O nonno faz história

(...)Não tenho hobby. Se você me pergunta "Sabe tocar piano"? Não sei. "Sabe pintar?" Não. O que sei é trabalhar.

(...) Depoimento a

luiza bandeira
enviada especial a taubaté (SP)

Em 1958, a Itália estava se reconstruindo, com poucas oportunidades e pouco trabalho. Eu tinha 20 anos, faltava pouco para fazer 21. Você tinha que buscar oportunidade em algum lugar ou se sacrificar na Itália.

Tinha três opções: Brasil, Argentina ou Austrália. Achei que era Brasil, mas não me pergunte o porquê. Não sabia onde ficava, não sabia que língua falava, ignorância total. Como qualquer europeu daquela época.

A Itália tinha acabado de sair da guerra. Como toda cidade industrial, Milão foi uma cidade relativamente preservada. Teve bombardeio, mas dentro do razoável.

Comecei a ir para a escola com cinco anos e meio. Minha mãe me levou uma vez e nunca mais. Eu tinha que ir e voltar sozinho. Se tivesse algum alarme durante o trajeto, buscava refúgio para me abrigar dos bombardeios aéreos. E assim foi a infância.

Depois passou a guerra, completei os estudos de perito técnico industrial e decidi ir embora. Meu pai tinha vindo para o Brasil dez meses antes. Ele trabalhava como mecânico por aqui, mas não tinha tido sucesso.

Quando cheguei, morei na pensão em que ele vivia.
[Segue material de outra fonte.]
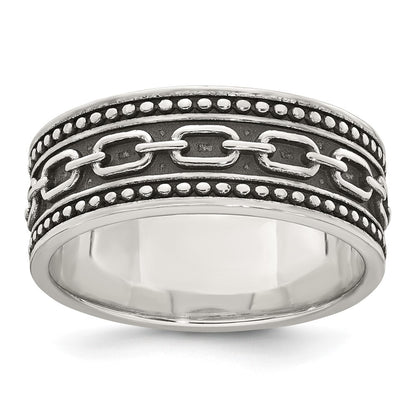 Sterling Silver Polished Beaded Antiqued Chain Link Men's Ring Size 9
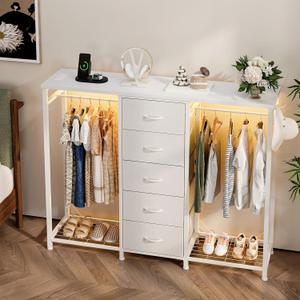 Dresser with Hanging Rack, 5 Drawer Chest with Charging Station & LED, 55.1"D x 13.8"W x 43.3"H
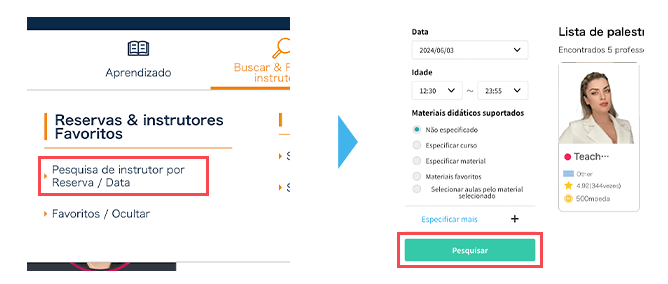 1. Encontre instrutores disponíveis para reserva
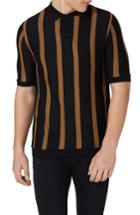 Men's Topman Trim Fit Stripe Knit Polo - Black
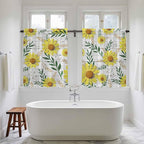 Yellow Daisy Kitchen Curtains, Farmhouse Country Flower Leaf Plant Wood Grain Light Filtering Window Curtain Panels, 2Pcs Rod Pocket Window Treatments Set for RV Dining Room Study Room 42x54 Inches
Fui procurar emprego, mas o Brasil é muito cruel. Minha passagem foi paga pelo governo brasileiro, mas o Brasil não é um país mãe. Você chega aqui e está abandonado, ninguém fala "Você vai fazer isso, vai fazer aquilo".
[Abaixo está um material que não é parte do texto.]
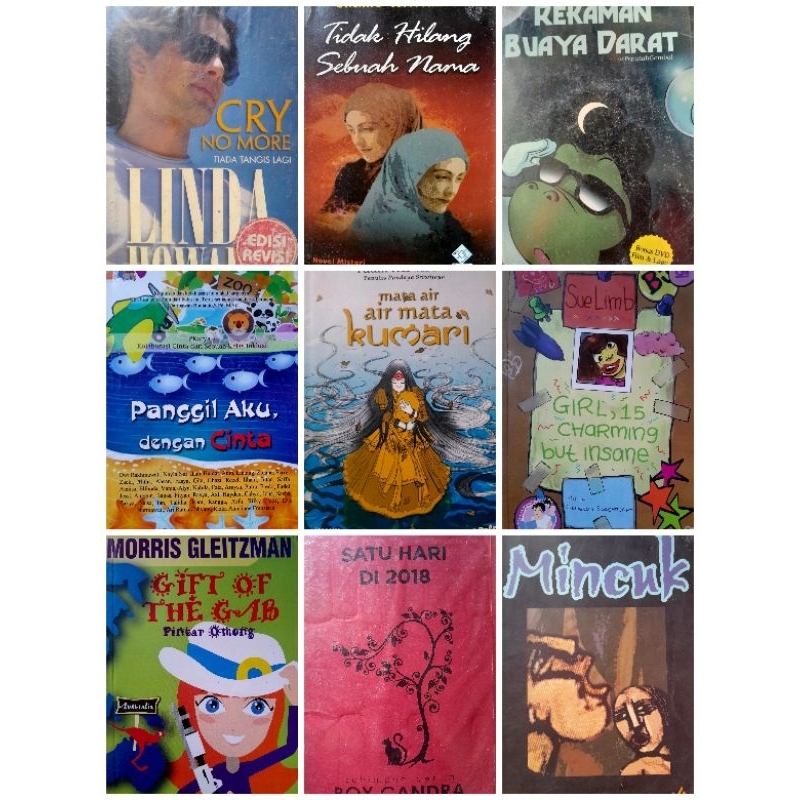 Buku Novel Romansa Cinta Fantasi action Crime Literatur Klasik Preloved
Trabalhei como desenhista e projetista, trabalhei na Arno, Willys, Ford, e as coisas melhoraram.

Casei em 1963. Aí começaram a nascer os filhos, e essa foi a caminhada brasileira.

Mas depois eu me aposentei e estava na fase do "já que". Sabe o que é isso?
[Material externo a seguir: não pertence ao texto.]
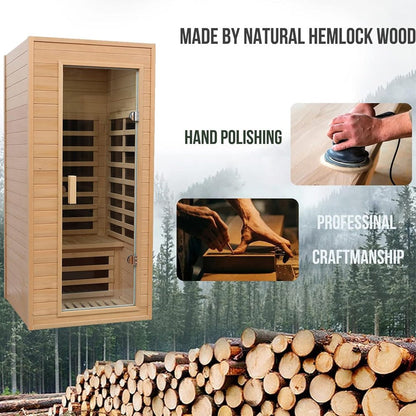 Thermora Premium 1-Person Indoor Low EMF FAR Infrared Heat Hemlock Wood Personal Home Spa Sauna, 1200W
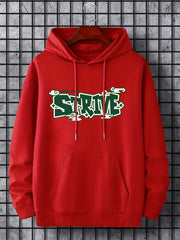 Men's Strive Print Hoodie Casual Drawstring Hooded Sweatshirt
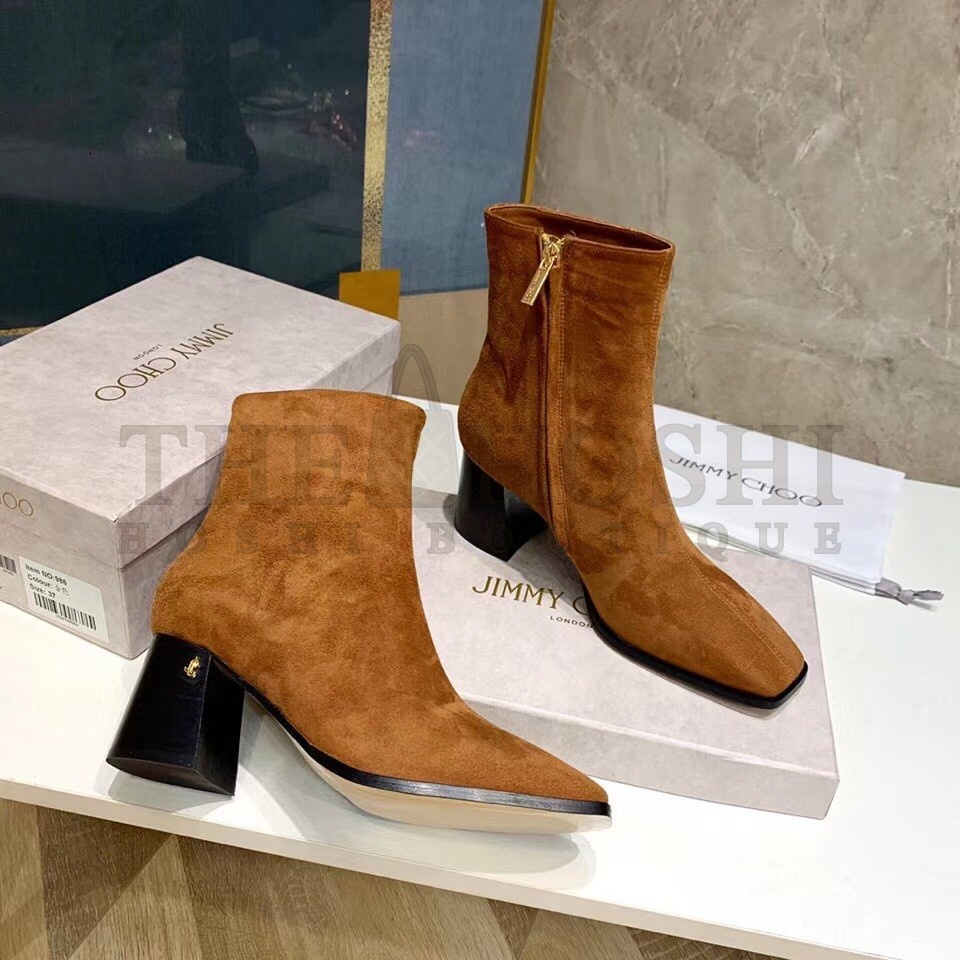 J1m*y Ch00 Bryelle 65mm Ankle Boots In Brown Suede Master Quality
"Já que você não está fazendo nada, vai buscar leite, consertar a tomada..." Já que, já que, já que.

Eu me separei e estava muito desgostoso. E eu, como imigrante, não tenho hobby, não sei fazer outra coisa a não ser trabalhar. Se você me pergunta "Sabe tocar piano"? Não sei. "Sabe pintar?" Não.

A única coisa que sei fazer é trabalhar.

E eu nunca me preocupei também. A minha formação, antes de entrar na faculdade, era de analfabeto. Tudo que fiz na Itália não tinha validade aqui. Então eu comecei a olhar para mim e falar assim: "Ou vou morrer ou vou fazer alguma coisa". Fui fazer alguma coisa.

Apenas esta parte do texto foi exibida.